-- Supplied entries follows --
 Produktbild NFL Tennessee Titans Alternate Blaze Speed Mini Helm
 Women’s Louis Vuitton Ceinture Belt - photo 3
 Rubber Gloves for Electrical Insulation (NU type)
-- Supplied entries concluded --
-- Supplied entries follows --
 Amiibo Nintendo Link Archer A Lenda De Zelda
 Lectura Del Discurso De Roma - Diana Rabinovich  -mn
-- Supplied entries concluded --
Directions:
Starting at the line that has "Produktbild NFL Tennessee" in the records above, restate word for word every line until the one that has "Rubber Gloves for", and include that one as well.

Answer area:
 Produktbild NFL Tennessee Titans Alternate Blaze Speed Mini Helm
 Women’s Louis Vuitton Ceinture Belt - photo 3
 Rubber Gloves for Electrical Insulation (NU type)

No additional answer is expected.